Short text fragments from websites

[Start of Attachment]

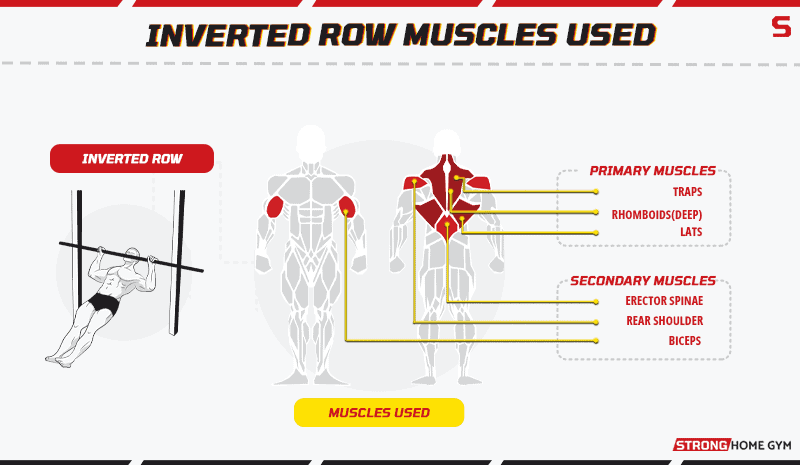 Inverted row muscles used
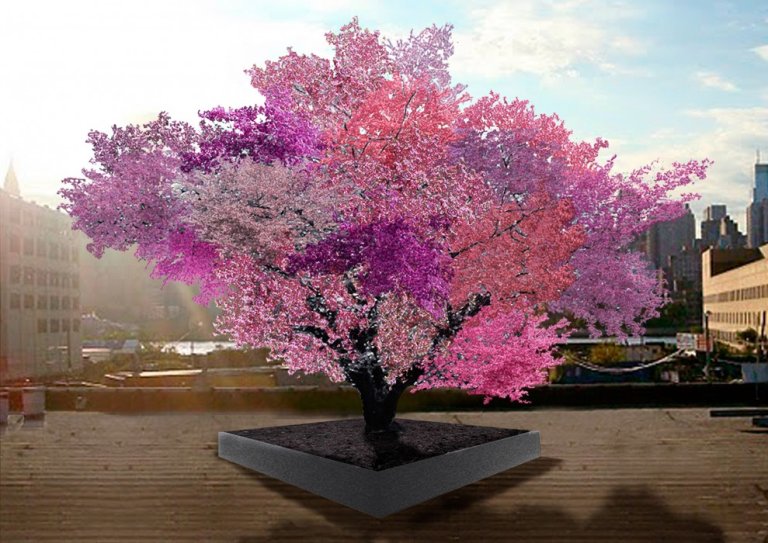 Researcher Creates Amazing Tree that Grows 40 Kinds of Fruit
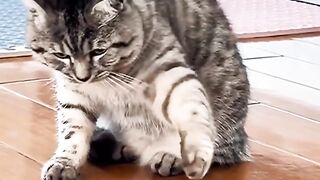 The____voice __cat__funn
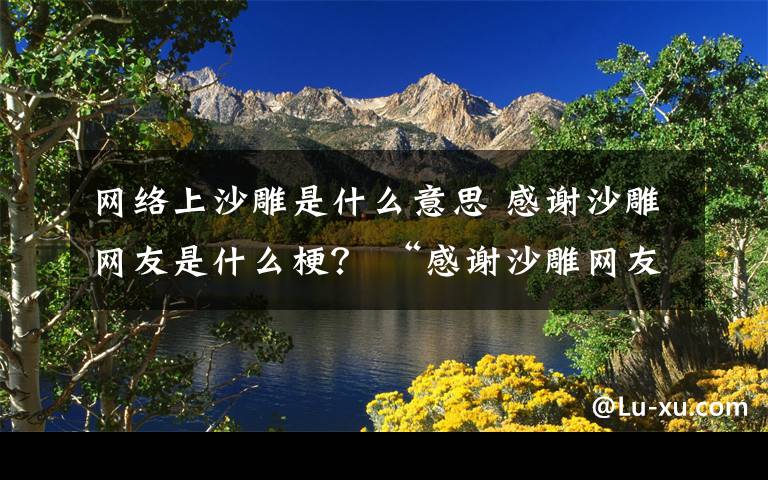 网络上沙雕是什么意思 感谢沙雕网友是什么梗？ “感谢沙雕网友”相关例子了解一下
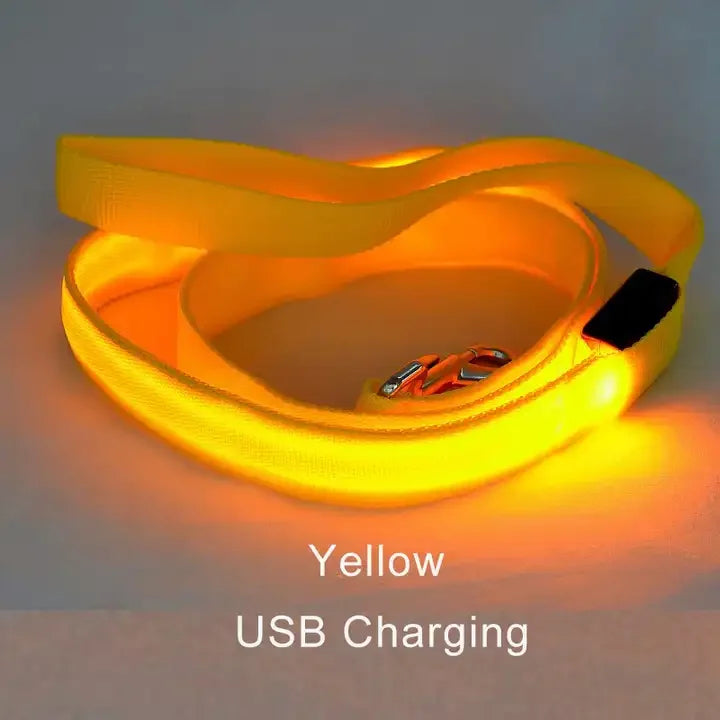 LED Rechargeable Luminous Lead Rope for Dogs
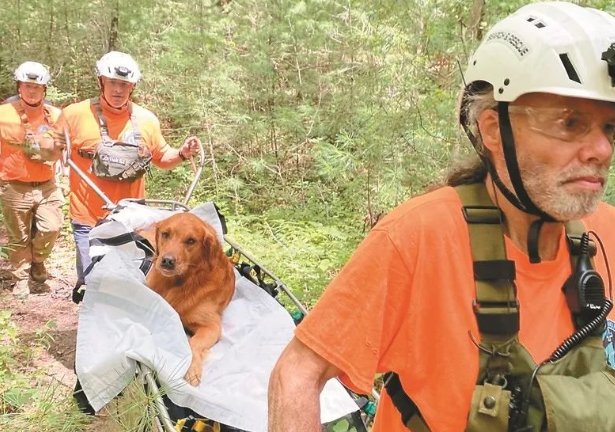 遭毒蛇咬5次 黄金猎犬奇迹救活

[End of Attachment]

WHAT THE TASK ASKS
Output every record verbatim, excluding any picture it contains.

FINISHED EXERCISE
 Inverted row muscles used
 Researcher Creates Amazing Tree that Grows 40 Kinds of Fruit
 The____voice __cat__funn
 网络上沙雕是什么意思 感谢沙雕网友是什么梗？ “感谢沙雕网友”相关例子了解一下
 LED Rechargeable Luminous Lead Rope for Dogs
 遭毒蛇咬5次 黄金猎犬奇迹救活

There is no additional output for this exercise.